Exercise: Your answer must consist solely of the lines from the one containing "Yu Ying Pass" through the last line of the records below, reproduced exactly, with all pictures omitted.

*** Block opens ***

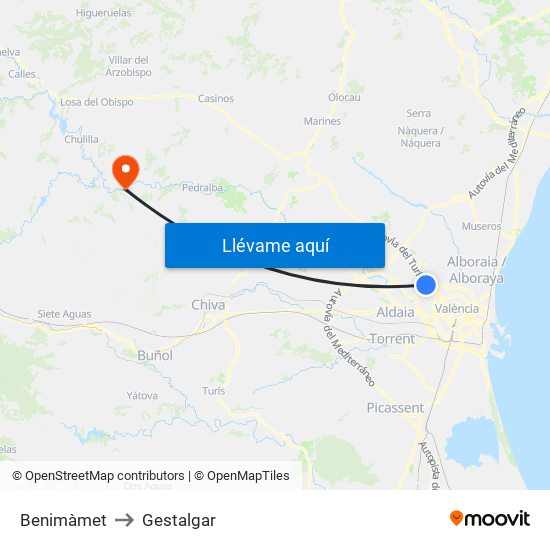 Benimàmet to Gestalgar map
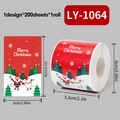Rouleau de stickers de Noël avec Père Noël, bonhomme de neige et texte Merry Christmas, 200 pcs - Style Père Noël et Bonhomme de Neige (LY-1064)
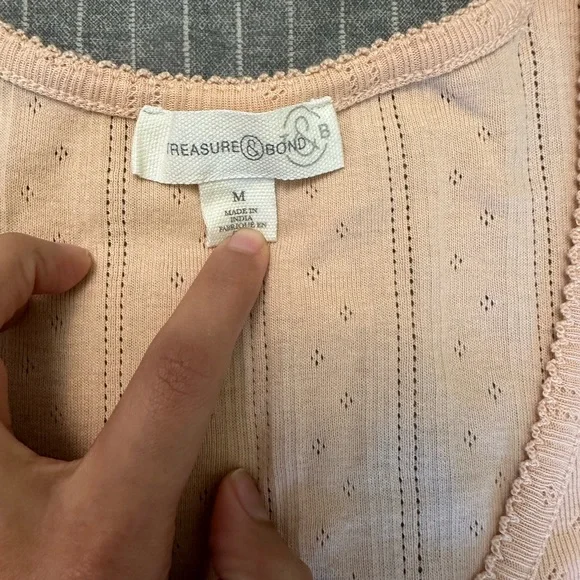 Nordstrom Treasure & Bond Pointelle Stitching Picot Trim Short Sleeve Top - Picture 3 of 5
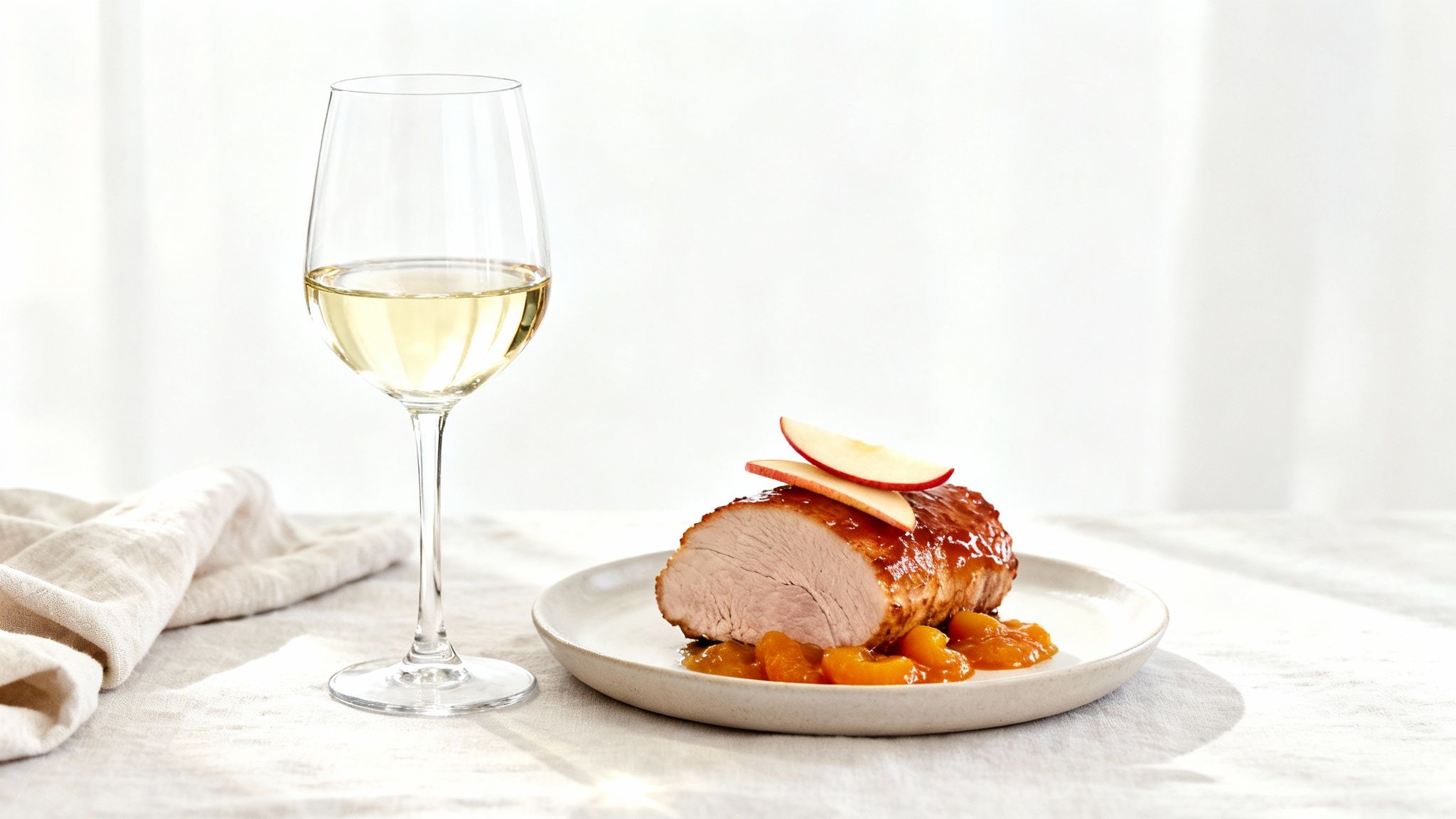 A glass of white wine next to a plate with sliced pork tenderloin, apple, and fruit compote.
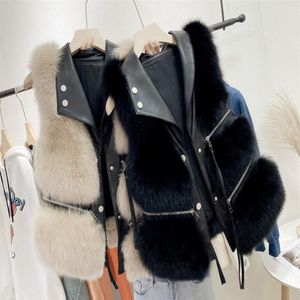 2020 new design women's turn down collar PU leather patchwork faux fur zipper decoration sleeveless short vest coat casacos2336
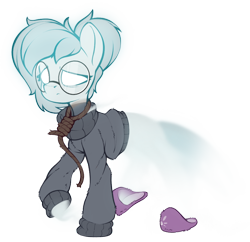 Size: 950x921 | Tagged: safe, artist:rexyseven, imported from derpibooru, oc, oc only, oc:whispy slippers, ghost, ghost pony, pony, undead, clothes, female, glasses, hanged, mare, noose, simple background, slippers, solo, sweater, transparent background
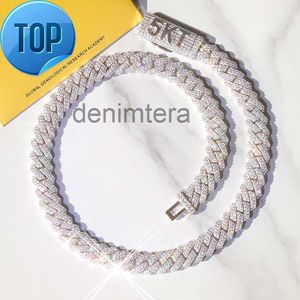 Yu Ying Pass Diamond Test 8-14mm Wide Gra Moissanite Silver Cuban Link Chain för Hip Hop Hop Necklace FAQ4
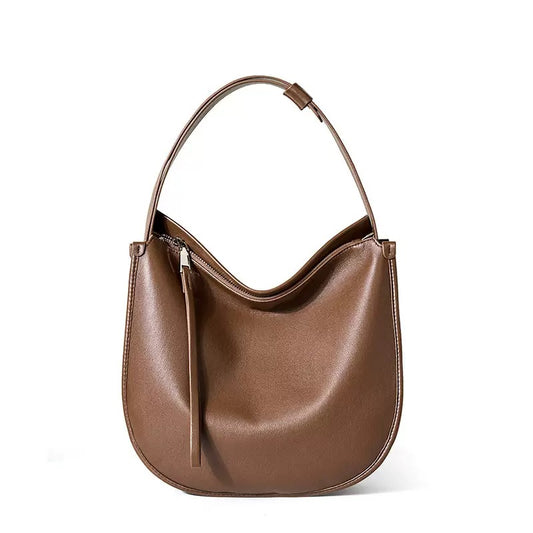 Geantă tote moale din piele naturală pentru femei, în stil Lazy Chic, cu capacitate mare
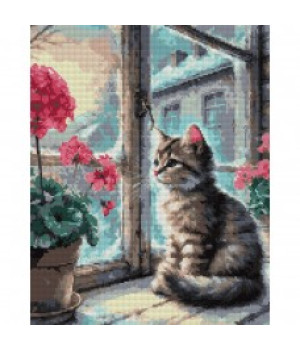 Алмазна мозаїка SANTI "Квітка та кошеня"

*** Block closes ***

Exercise output:
 Yu Ying Pass Diamond Test 8-14mm Wide Gra Moissanite Silver Cuban Link Chain för Hip Hop Hop Necklace FAQ4
 Geantă tote moale din piele naturală pentru femei, în stil Lazy Chic, cu capacitate mare
 Алмазна мозаїка SANTI "Квітка та кошеня"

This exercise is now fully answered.